→ **Records**
------------------------------------------------------------------------

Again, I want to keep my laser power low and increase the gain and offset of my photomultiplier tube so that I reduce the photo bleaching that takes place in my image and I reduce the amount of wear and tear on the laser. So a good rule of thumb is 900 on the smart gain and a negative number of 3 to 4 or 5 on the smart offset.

------------------------------------------------------------------------

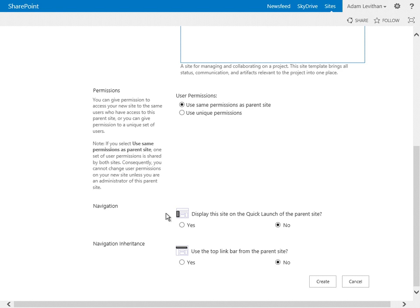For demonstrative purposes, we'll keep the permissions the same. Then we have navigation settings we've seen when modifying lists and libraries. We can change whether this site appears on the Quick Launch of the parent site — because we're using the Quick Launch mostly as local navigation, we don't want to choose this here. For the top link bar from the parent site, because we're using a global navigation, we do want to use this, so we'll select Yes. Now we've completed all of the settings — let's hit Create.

------------------------------------------------------------------------

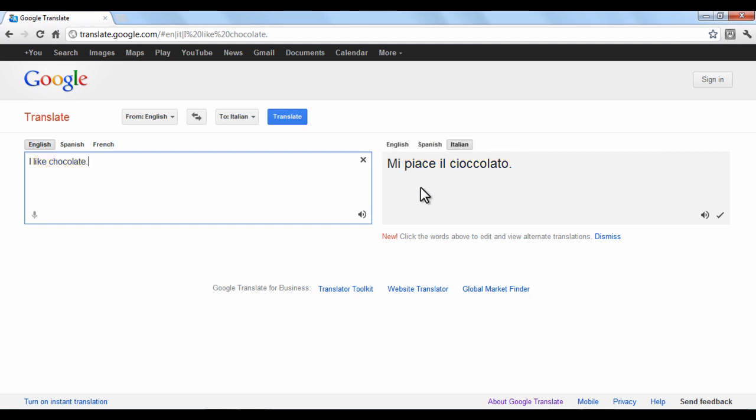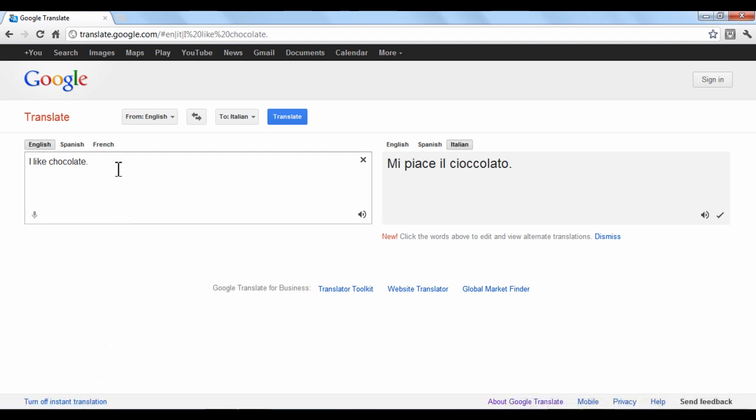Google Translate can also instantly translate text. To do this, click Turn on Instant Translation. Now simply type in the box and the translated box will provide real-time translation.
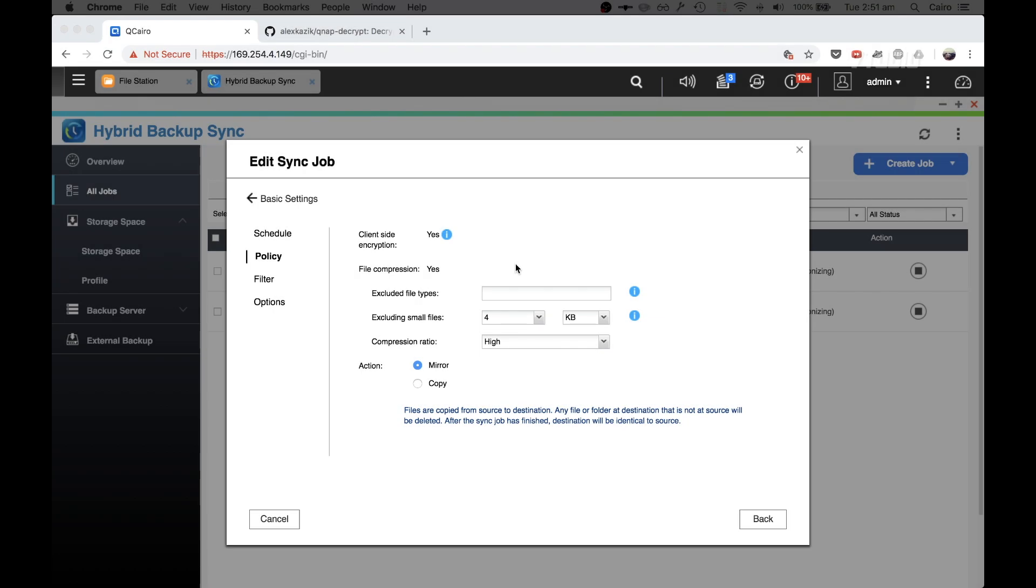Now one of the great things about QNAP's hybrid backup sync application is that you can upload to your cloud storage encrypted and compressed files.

------------------------------------------------------------------------

→ **What you should do**
Without the pictures, set down the lines above from the line with "Google Translate can" up to and including the line with "Now one of the" exactly as they stand.

→ **Result**
Google Translate can also instantly translate text. To do this, click Turn on Instant Translation. Now simply type in the box and the translated box will provide real-time translation.
Now one of the great things about QNAP's hybrid backup sync application is that you can upload to your cloud storage encrypted and compressed files.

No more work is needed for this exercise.